**Dataset excerpt**:
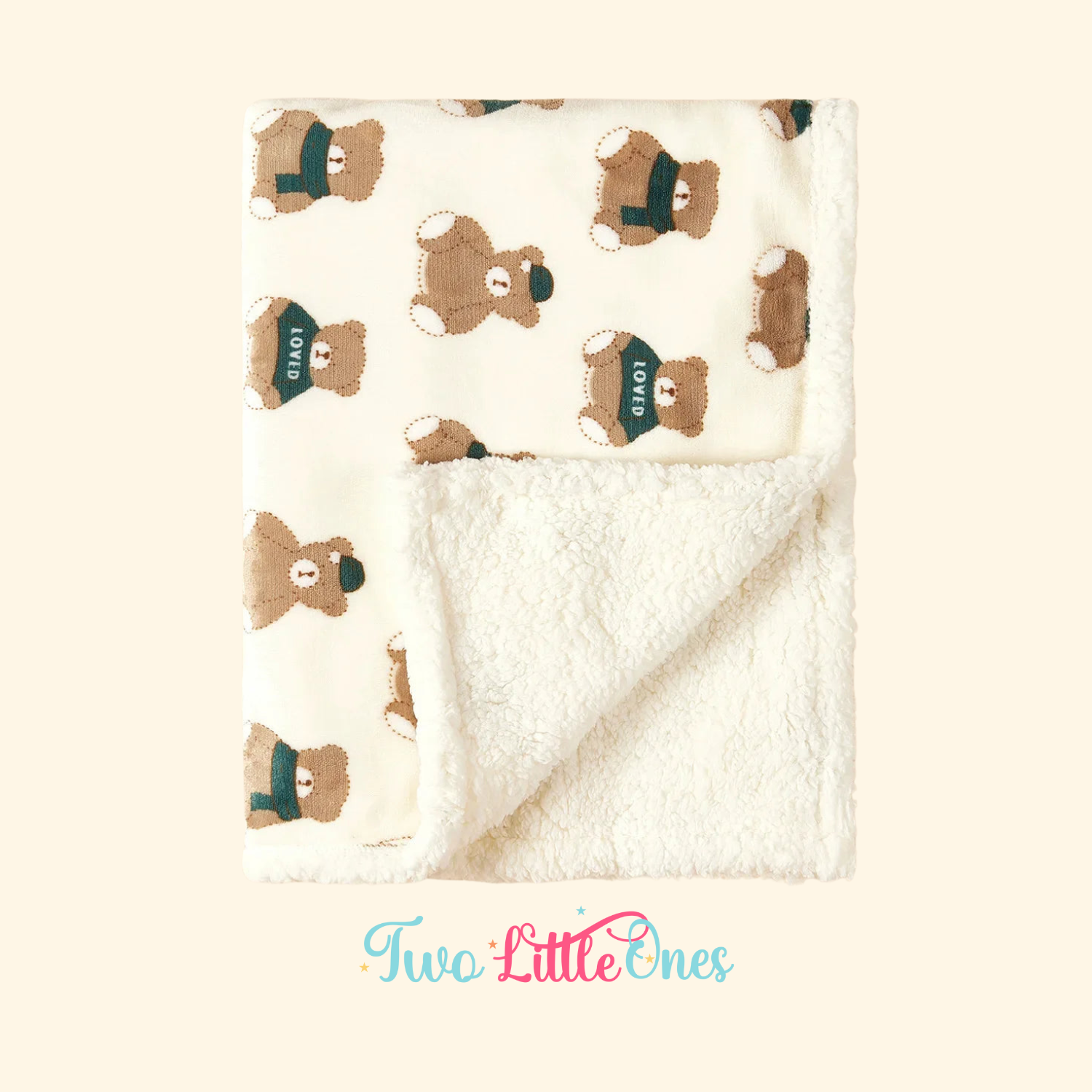 SnuggleBear Baby Blanket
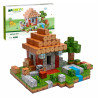 Magnetická stavebnice Minecraft Country cottage 312ks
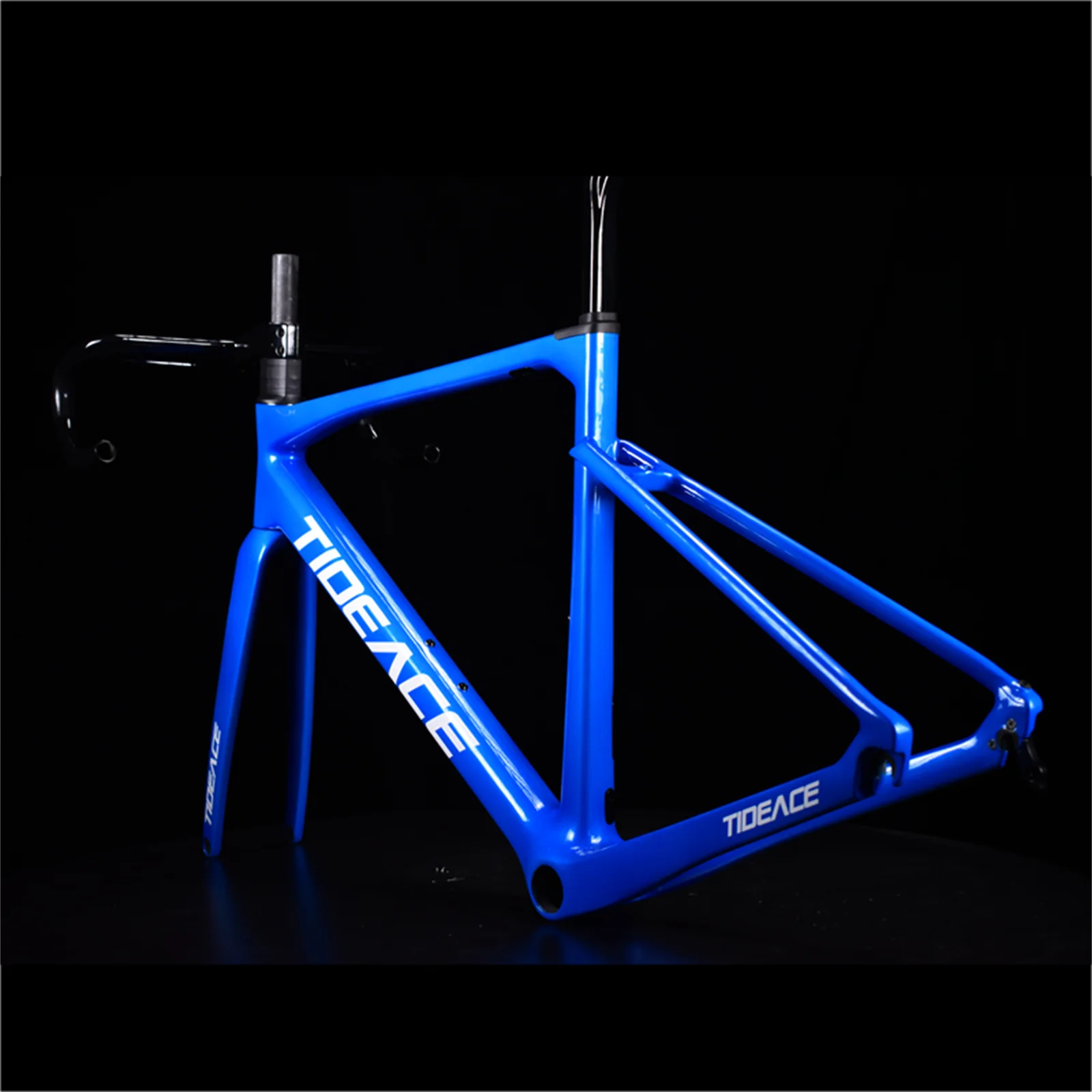 700C Tideace Bikes Road Frameset Disc Brake Racing Bicycle Frames Max 32 Tires Bicycle Accessories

**Task goal**:
Copy out all the data exactly; skip the pictures.

**Solution**:
 SnuggleBear Baby Blanket
 Magnetická stavebnice Minecraft Country cottage 312ks
 700C Tideace Bikes Road Frameset Disc Brake Racing Bicycle Frames Max 32 Tires Bicycle Accessories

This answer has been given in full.